*Instructions to follow*. Give back every record exactly, images excluded.

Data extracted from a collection

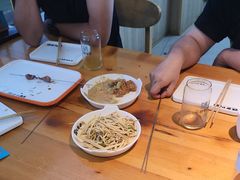 -四禧精酿铜锅涮肉·烧烤工场(大明湖店)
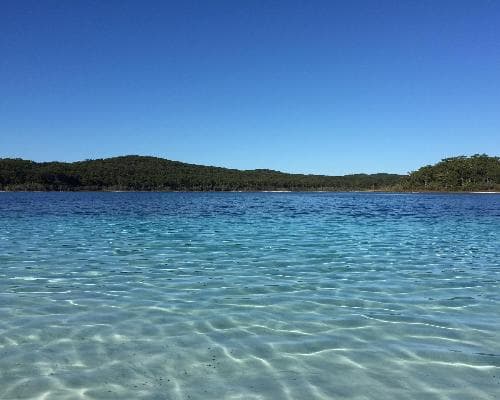 Fraser Island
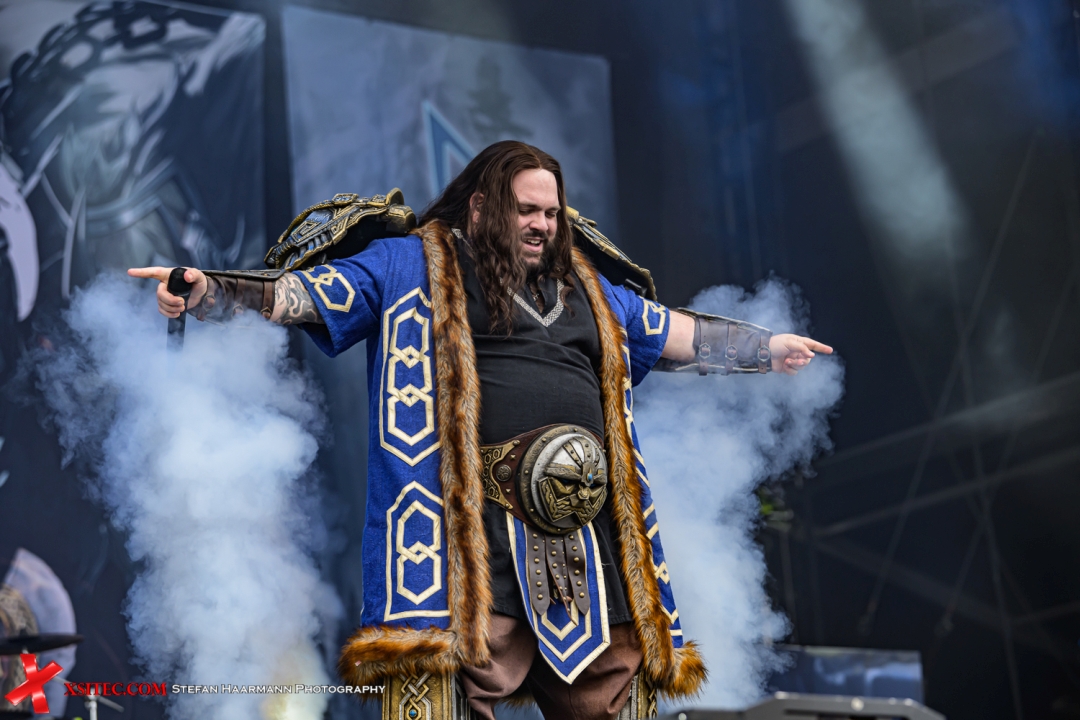 WIND ROSE | WACKEN 2025-07-30 WIND ROSE | WACKEN 2025-07-30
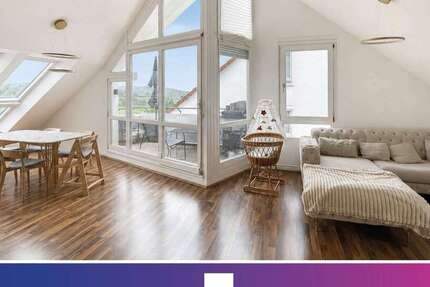 Wohnung Ebersbach an der Fils - 3 Zimmer, 80 m&sup2;, 1.095&euro; | Angebot:27222625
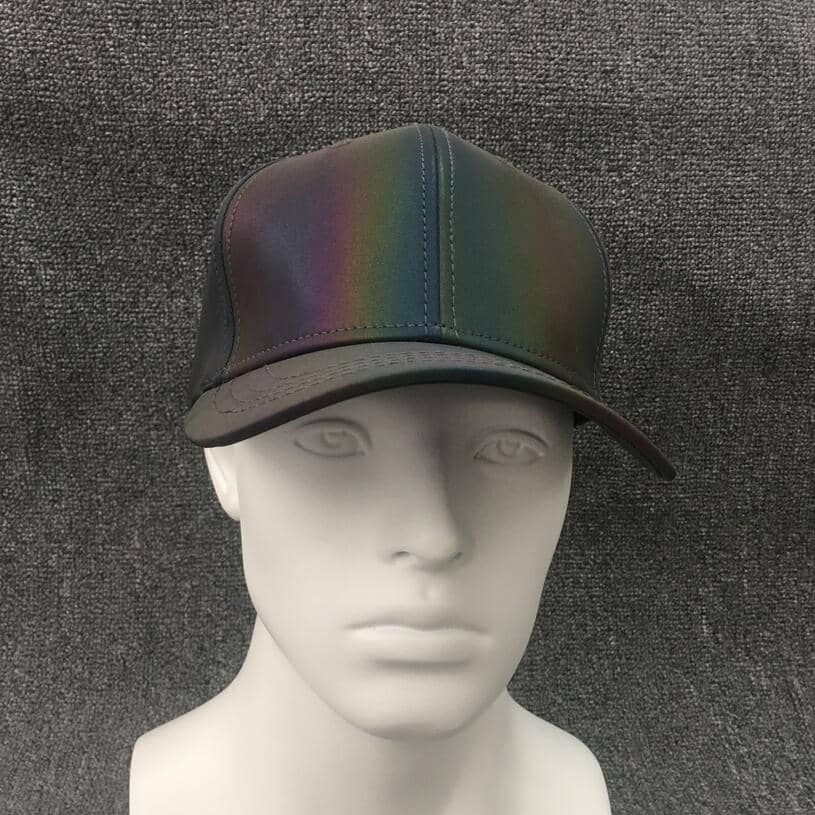 Full Reflective Baseball Cap-Head Gear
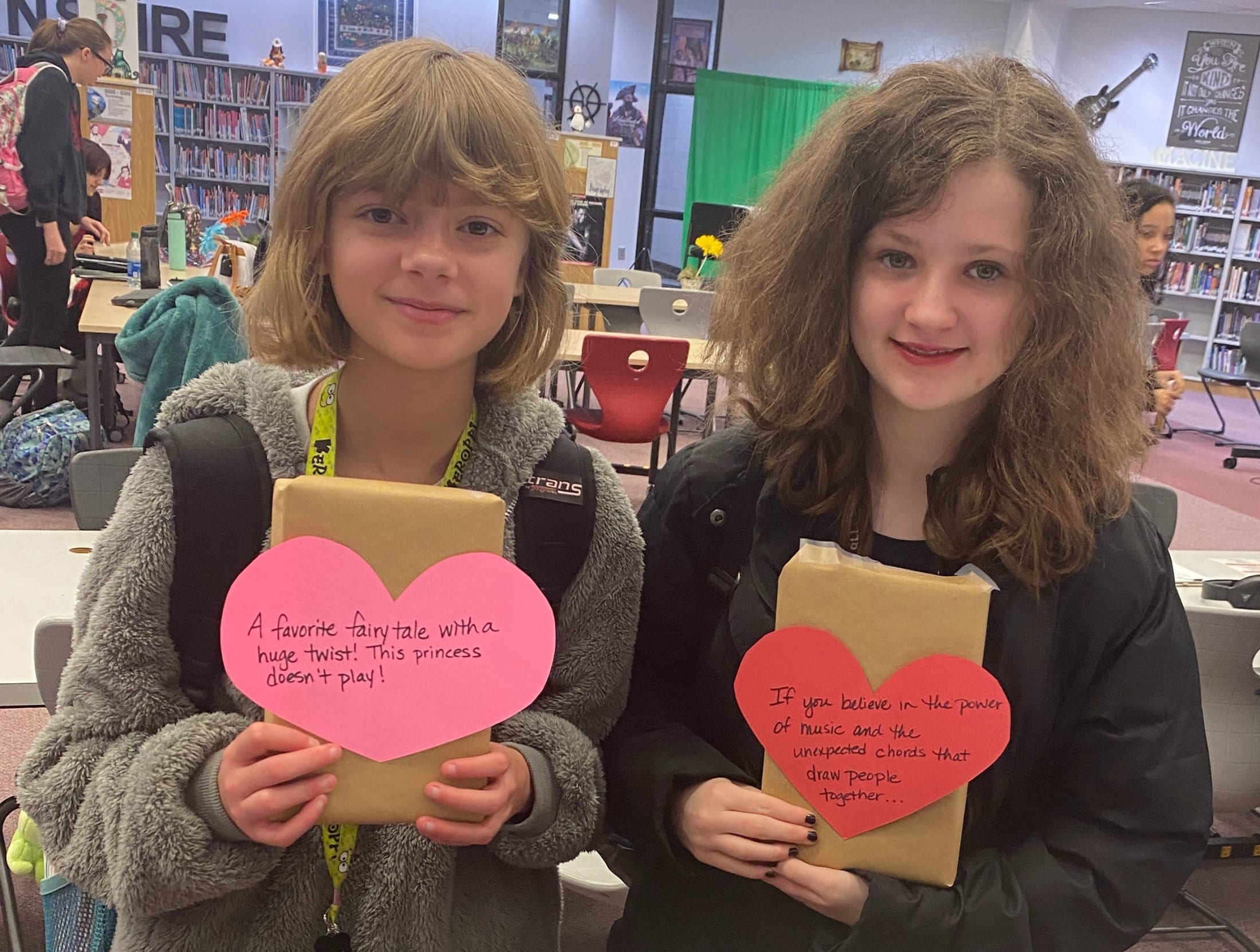 blind date with a book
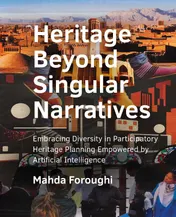Omslag van Heritage Beyond Singular Narratives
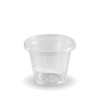 BioPak 30ml PLA Clear Cup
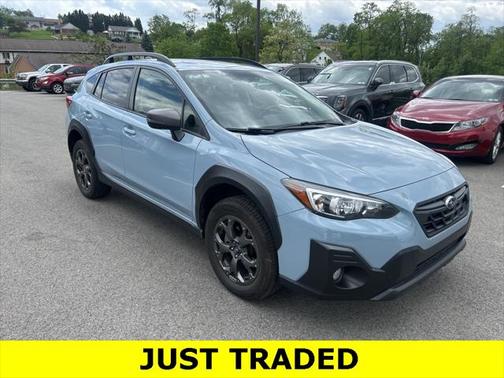 2022 Subaru Crosstrek Sport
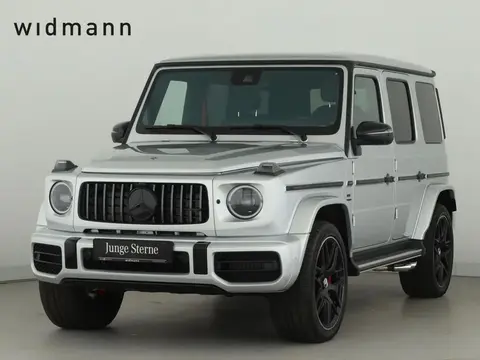 Annonce MERCEDES-BENZ CLASSE G Essence 2023 d'occasion 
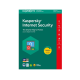 Kaspersky Internet Security 1-User 1 year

*Answer to the exercise*.
 -四禧精酿铜锅涮肉·烧烤工场(大明湖店)
 Fraser Island
 WIND ROSE | WACKEN 2025-07-30 WIND ROSE | WACKEN 2025-07-30
 Wohnung Ebersbach an der Fils - 3 Zimmer, 80 m&sup2;, 1.095&euro; | Angebot:27222625
 Full Reflective Baseball Cap-Head Gear
 blind date with a book
Omslag van Heritage Beyond Singular Narratives
 BioPak 30ml PLA Clear Cup
 2022 Subaru Crosstrek Sport
 Annonce MERCEDES-BENZ CLASSE G Essence 2023 d'occasion 
 Kaspersky Internet Security 1-User 1 year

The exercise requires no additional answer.